When he invited me to accompany him on a visit to a southern Iowa farm pond, he attached to his email a recent photo of a 2-foot-long largemouth bass.
I don't care where you're from, that's a big bass, and Jim said there were plenty more naive brutes in the seldom-fished 6-acre pond.
The only problem, he said, is that heavy rains, which have been common this spring across southern Iowa, “turn the pond to chocolate milk.”
After a deluge washed out our first planned visit, we went last weekend, even though we suspected that murky water would somewhat limit our options and success.
Our first view of the pond's cloudy water confirmed our fear, but we took comfort in the knowledge that the bass could not leave in search of clearer water and in the hope we could make them bite.
After the failure of our initial effort to catch them on jigs and plastic worms, we switched to lures with flash, sound and vibration.
A spinner bait with big pulsating blades attracted our first lunker, a 21-inch largemouth that leapt entirely out of the water on its way to Jim's paddle-powered boat.
The spinner bait later caught two more bigheaded sky walkers, one measuring 18 inches, the other 19.
Top-water poppers and vibrating crankbaits also caught both bass and crappies, and Jim took me back to my youth when he caught a 20-inch bass on a night crawler suspended beneath a bobber.
As Jim had intimated, we eventually got our chance to catch a 2-footer.
After initial rock solid resistance, the big fish felt like it was coming my way.
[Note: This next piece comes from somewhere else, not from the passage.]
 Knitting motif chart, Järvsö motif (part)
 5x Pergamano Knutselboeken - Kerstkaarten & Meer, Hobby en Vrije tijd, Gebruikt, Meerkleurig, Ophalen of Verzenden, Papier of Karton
Rather than loosen my drag or flip my spinning reel into back-crank mode, I hauled back on the rod and applied maximum pressure, fully expecting the fish to jump out of the water like all the other largemouth bass we'd caught.
Instead, the fish stayed deep, defying my feeble attempt to horse it toward the boat, disabusing me of my belief that I had the upper hand.
Before I could adjust, the powerful fish did a 180 and surged away from the boat, swimming away with my spinner bait while I disconsolately reeled in my slack line.